A user-agent is how your browser, or a bot, identifies themselves to the resource they are accessing. In this case, the asterisk tells visitors that any user agent, on any device or browser, can access the content. The / in the Allow field tells the visitor that they can access any part of the site as well.

The robots.txt file can also include commentary by adding characters after # symbol. Bots and machines will ignore these comments, but it is one way to leave more human-readable notes to someone reviewing the file. Here is one example:

#    .__________________________.
#    | .___________________. |==|
#    | | ................. | |  |
#    | | ::[ Dear robot ]: | |  |
#    | | ::::[ be nice ]:: | |  |
#    | | ::::::::::::::::: | |  |
#    | | ::::::::::::::::: | |  |
#    | | ::::::::::::::::: | |  |
#    | | ::::::::::::::::: | | ,|
#    | !___________________! |(c|
#    !_______________________!__!
#   /                            \
#  /  [][][][][][][][][][][][][]  \
# /  [][][][][][][][][][][][][][]  \
#(  [][][][][____________][][][][]  )
# \ ------------------------------ /
#  \______________________________/

Website owners can make robots.txt more specific by listing certain user-agents (such as for only permitting certain bot user-agents or browser user-agents) and by stating which parts of a site they are or are not allowed to crawl. The example below tells bots to skip crawling the archives path.

User-agent: * 
Disallow: /archives/

And the example here gets more specific, telling Google’s bot to skip crawling the archives path.

User-agent: Googlebot 
Disallow: /archives/

This allows you to specify which crawlers are allowed and what parts of your site they can access. It does not, however, let them know what they are able to do with your content after accessing it. As many have realized, there needs to be a standard, machine-readable way to signal the rules of your road for how your data can be used even after it has been accessed. 

That is what the Content Signals Policy allows you to express: your preferences for what a crawler can, and cannot do with your content. 

Why are we launching the Content Signals Policy now? 

There are companies that scrape vast troves of data from the Internet every day. There is a real cost to website operators to serve these data scrapers, in particular when they receive no compensation in return; we are experiencing a classic free-rider problem. This is only going to get worse: we expect bot traffic to exceed human traffic on the Internet by the end of 2029, and by 2031, we anticipate that bot activity alone will surpass the sum of current Internet traffic. 

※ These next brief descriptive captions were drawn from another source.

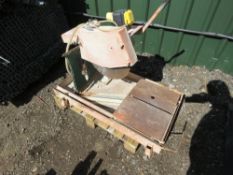 CLIPPER 110VOLT SLAB CUTTING SAWBENCH WITH LEGS. THIS LOT IS SOLD UNDER THE AUCTIONEERS MARGIN SC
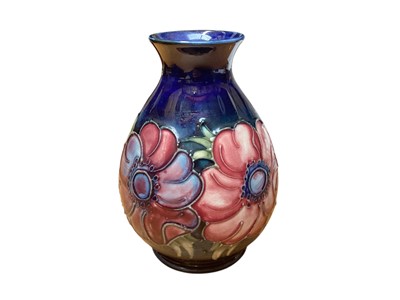 Lot 2201 - Moorcroft pottery Anenome pattern vase with original paper label to the base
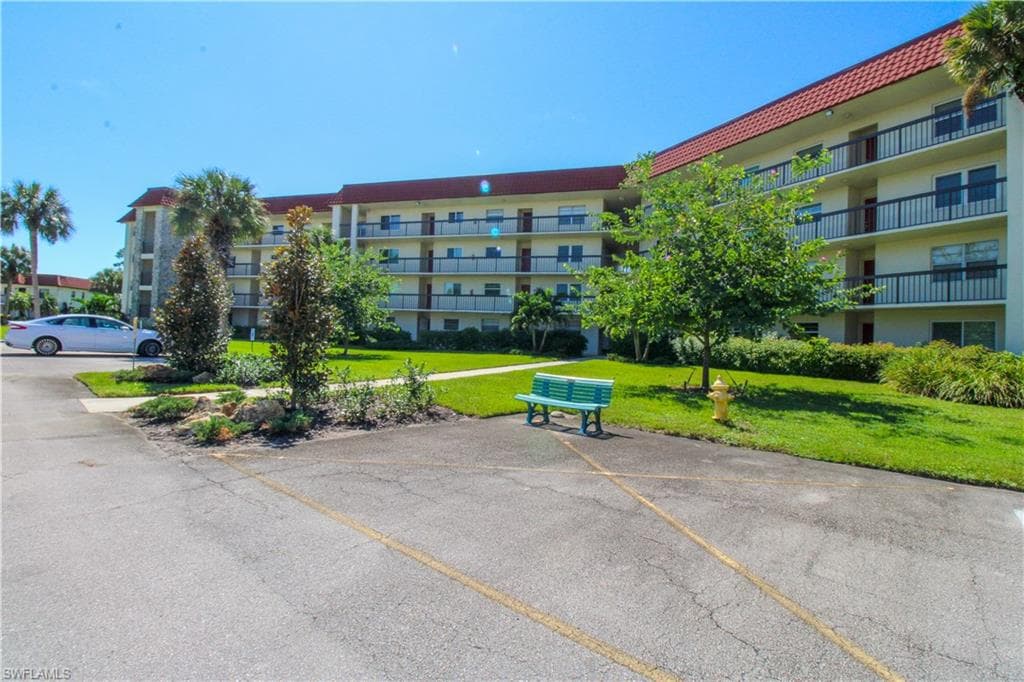 4372 27th Ct SW 109, Naples, FL 34116-2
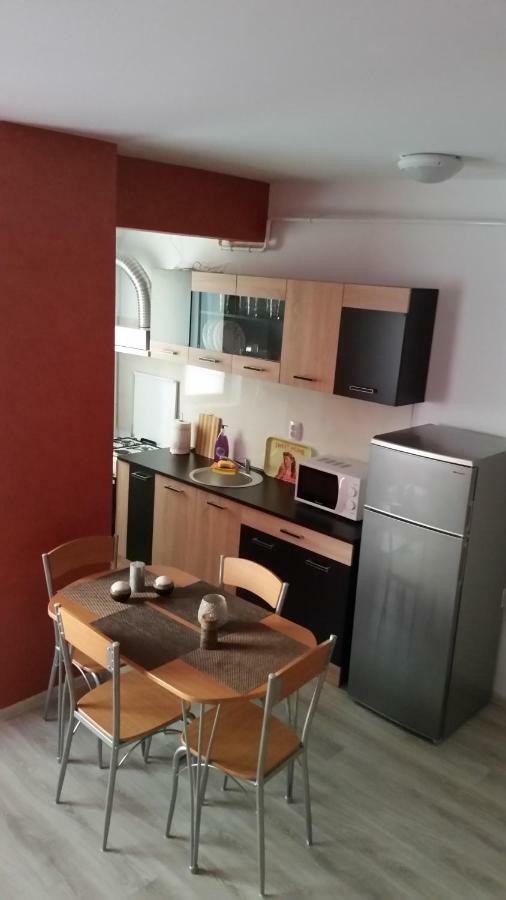 Kolonaki Domus Apartment Яш Екстериор снимка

The de facto defaults of the Internet permitted this. The norm had been that your data would be ingested, but then you, the creator of that content, would get something in return: either referral traffic that you could monetize, or at a minimum some sort of attribution that cited you as the author. Think of the linkback in the early days of blogging, which was a way to give credit to the original creator of the work. No money changed hands, but that attribution drove future discovery and had intrinsic value. This norm has been embedded in many permissive licenses such as MIT and Creative Commons, each of which require attribution back to the original creator. 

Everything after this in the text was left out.